Your instructions: Transcribe the lines exactly, beginning with the one that contains "Shaftesbury Apartment |" and ending with the final line of the records. Do not transcribe pictures.

(Short text fragments from websites)
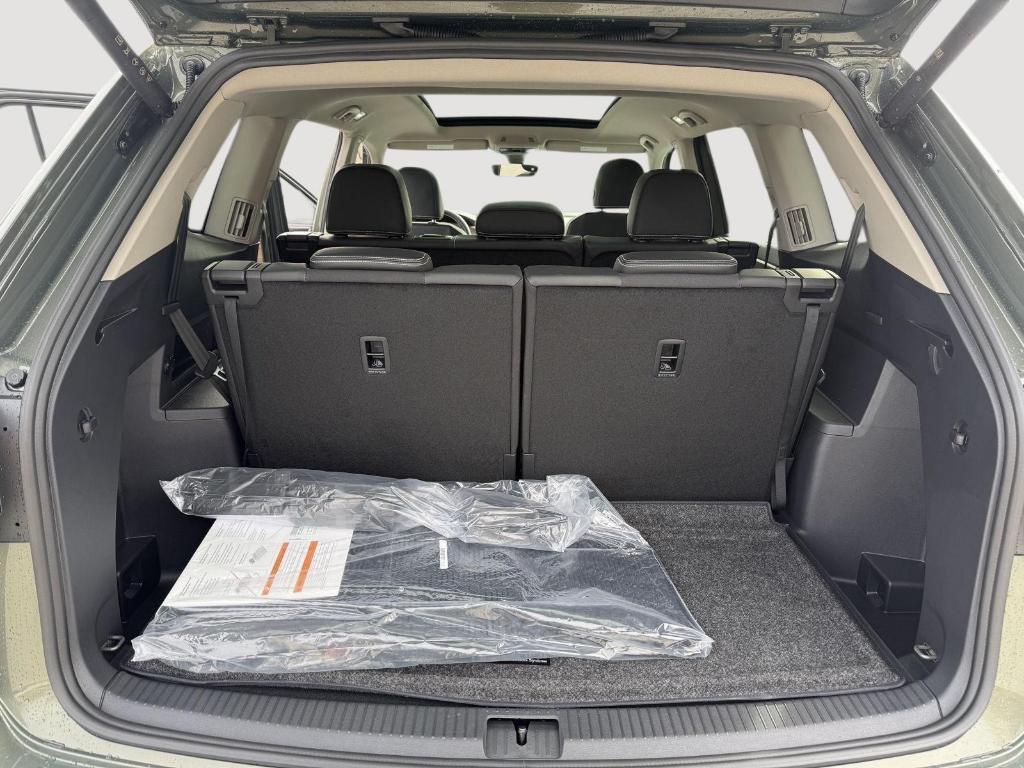 new 2026 Volkswagen Atlas car, priced at $46,883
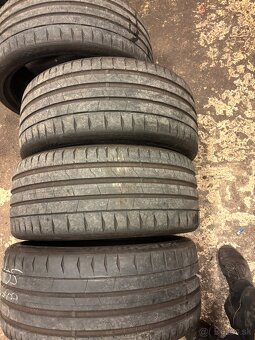 255/35R21 - 5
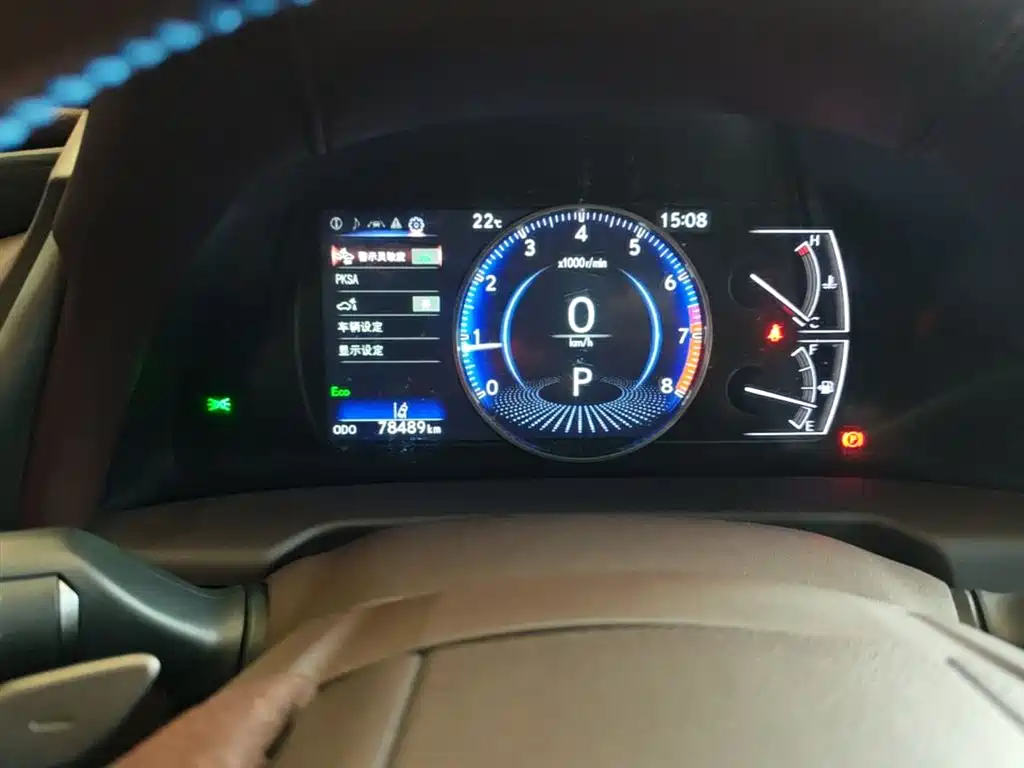 Lexus ES 2020 — фото 12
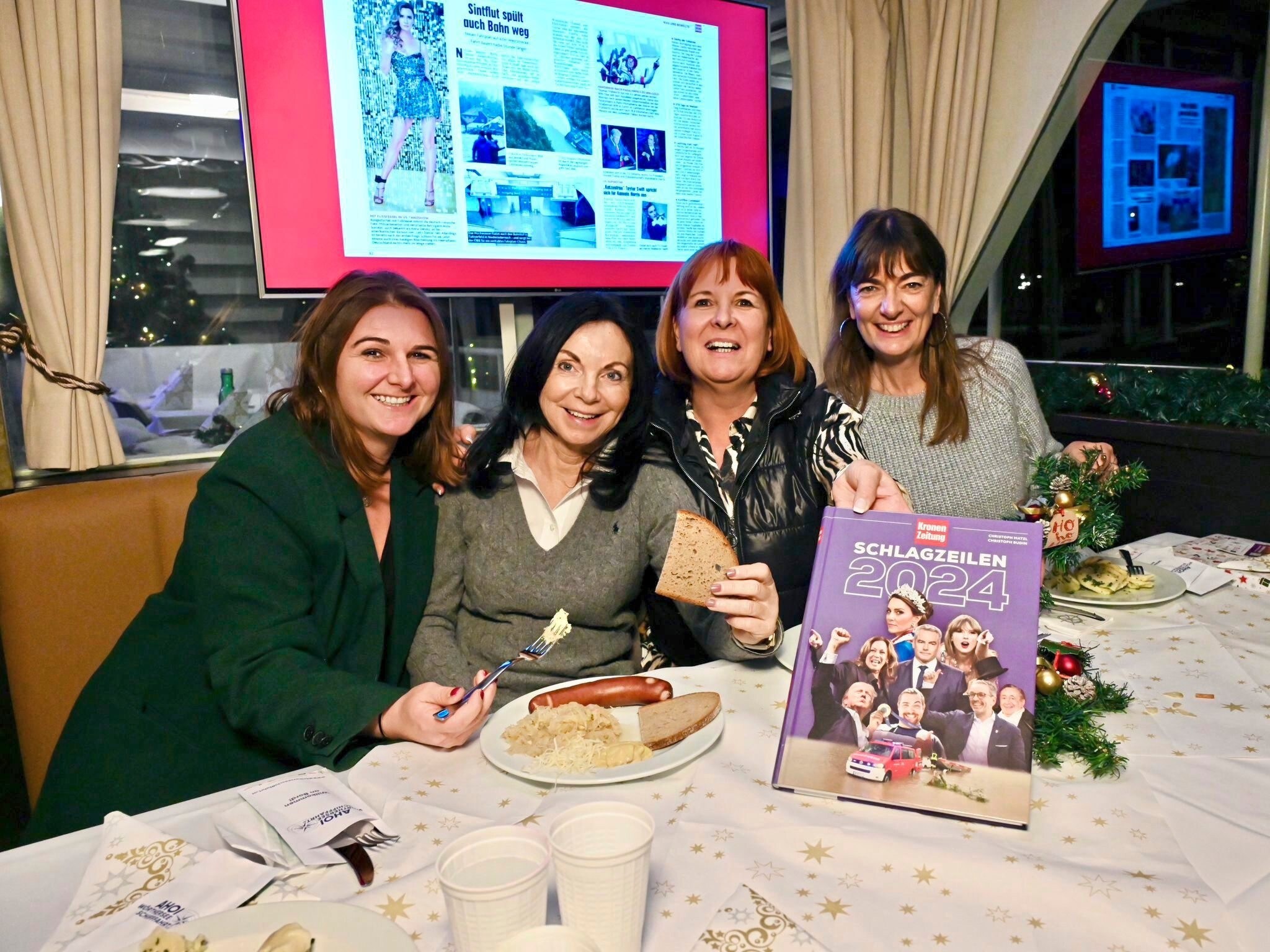 MediaPrint ladies Sandra, Karin, Doris and Andrea celebrated with the "Krone".
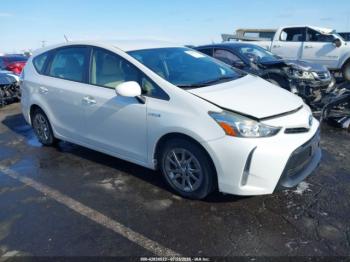  Salvage Toyota Prius v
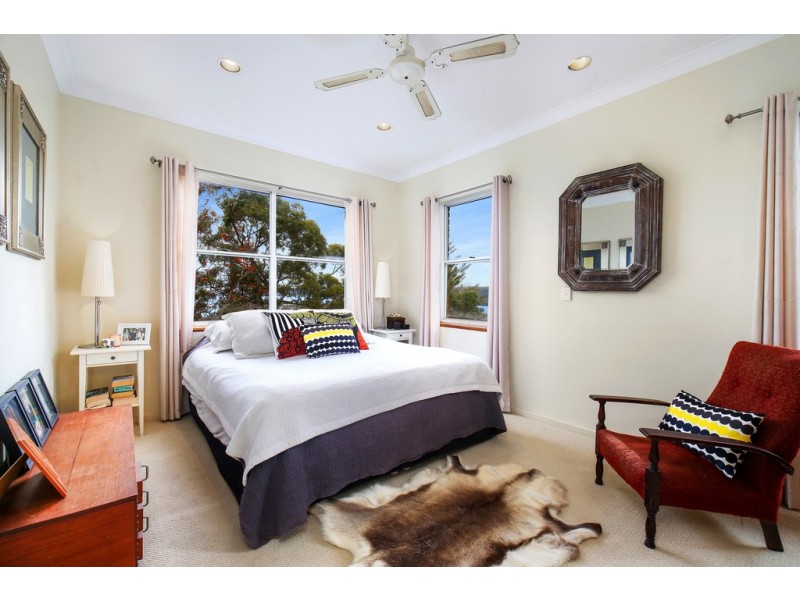 17 Bay View Avenue, East Gosford NSW 2250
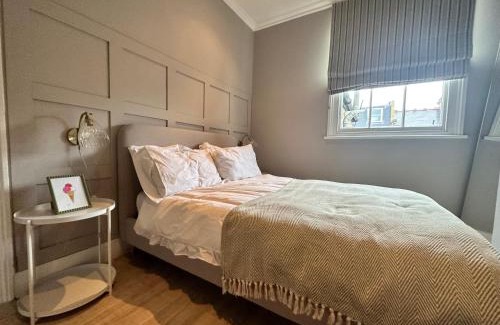 Shaftesbury Apartment | Charming cottage home in Battersea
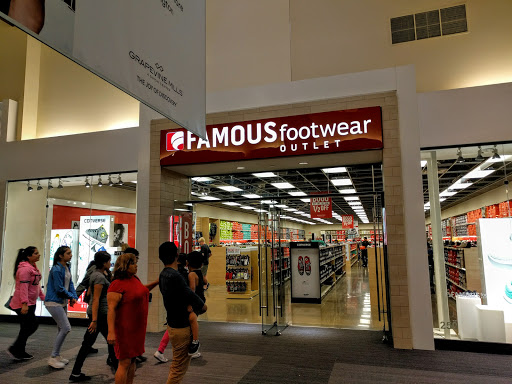 Famous Footwear, 3000 Grapevine Mills Pkwy #250, Grapevine, TX 76051, USA, 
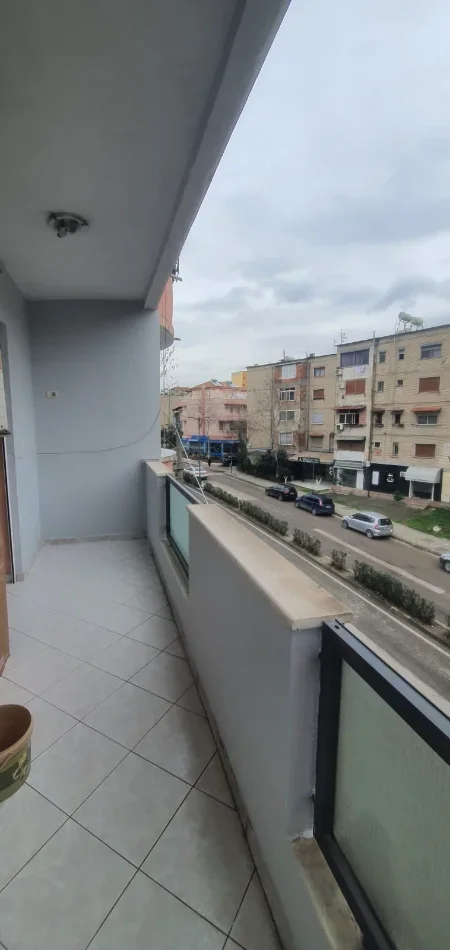 Tirane, jepet me qera apartament 3+1 , 110 m² 600 € (Brryli)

Task response:
 Shaftesbury Apartment | Charming cottage home in Battersea
 Famous Footwear, 3000 Grapevine Mills Pkwy #250, Grapevine, TX 76051, USA, 
 Tirane, jepet me qera apartament 3+1 , 110 m² 600 € (Brryli)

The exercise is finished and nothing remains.